A região da Cisjordânia, como citado alhures no artigo de Thomas Friedman, vem sendo minada pelos israelenses e teve seu acirramento no governo de Benjamin Netanyahu ao colonizar a região e expulsar os palestinos, proibindo a convivência comum entre ambas as nações. Os palestinos que vivem sob o governo da Autoridade Palestina, na Cisjordânia, são contra a guerra e não aceitam que o Hamás exerça qualquer política na região, realidade que é diferente na Faixa de Gaza.
OPINIÃO
O principal erro da ONU após a 2ª Guerra foi ignorar os palestinos e colocar a questão como “resolvida”. Como a defesa de uma nação — coagida pelo terrorismo de várias partes, seja este o de Estado promovido por Israel, ou o miliciano promovido pelo Hamás — não é objeto de interesse pelas grandes potências (o que deveria ser da ONU, ao menos, por se tratar de uma organização que prega a paz), os palestinos foram abandonados e esquecidos.
Com isso, cresceu a pregação do Jihad, uma visão radical da luta pelo Islamismo — vale destacar um artigo no Estatuto do Hamás, que visa a destruição completa do Estado de Israel.
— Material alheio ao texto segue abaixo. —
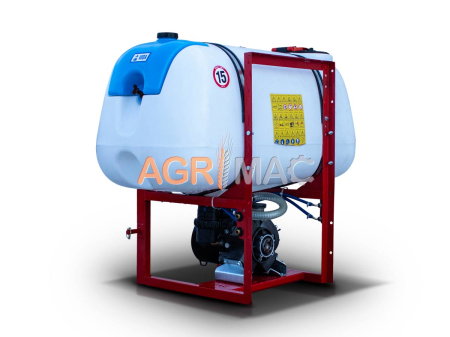 Instalație de erbicidat PAA350 – 350L, 20 CP [6]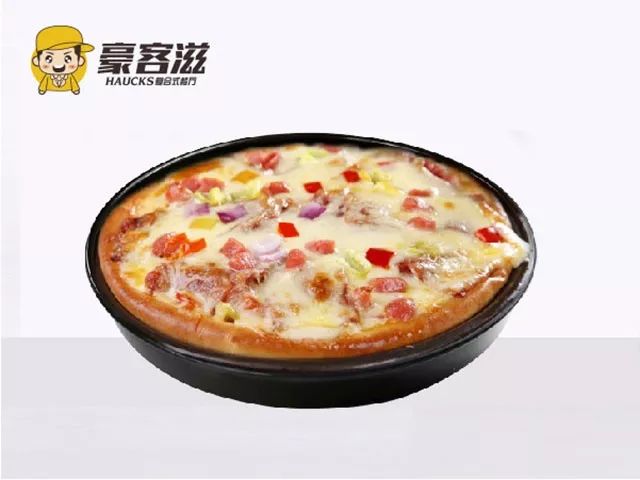 炸鸡汉堡披萨大餐,炸鸡汉堡跟披萨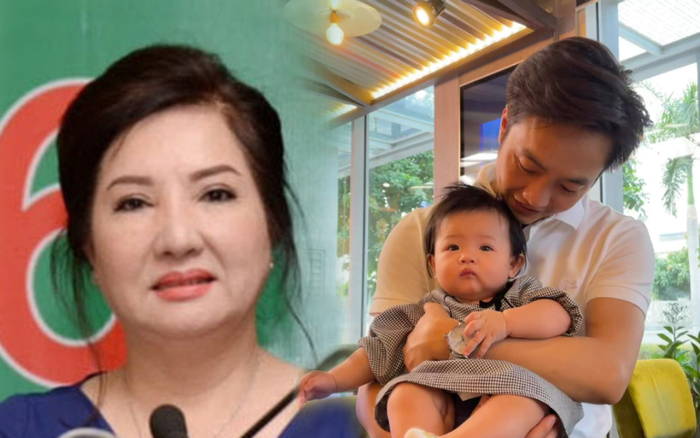 Đàm Thu Trang đúng là 'đẻ thuê', con gái Suchin được nhận xét giống bà nội như đúc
A solução por dois Estados, defendida por Rússia, China, Brasil e a esmagadora maioria dos países, parece ser uma voz calma e sensata em meio ao radicalismo que promove a guerra e a consequente (e inconsequente) morte de milhares de inocentes, que em nada tem a ver com o terrorismo praticado pelo Hamás.
É importante frizar que os ataques realizados foram inéditos, um poder de fogo jamais visto para uma milícia que não tem o tamanho e a força de um Estado, como Israel. Várias perguntas devem ser feitas, mas em meio a guerra, a vida de crianças e pessoas inocentes merecem ser preservadas e um corredor humanitário deve ser feito para a evacuação das pessoas em Gaza.
Por óbvio, o Hamás é contrário a essa medida, pois utilizam-se da tática do “escudo humano” — um crime de guerra, porém, bastante eficaz para evitar o avanço das tropas inimigas. Caso o corredor humanitário fosse concretizado, em benefício a milhões de pessoas que vivem em Gaza, a região seria tomada novamente por Israel. Para onde iriam os milhões de palestinos? Cenas dos próximos capítulos.
Na guerra, antes dos inocentes, a primeira vítima é a razão. E pasmem, numa guerra santa onde não há santos, os inocentes, tão defendidos por Jesus Cristo, estão em segundo plano.
Por Caio Hanry Abreu – Acadêmico de Direito (Colaborador)
Este texto reflete a opinião do autor.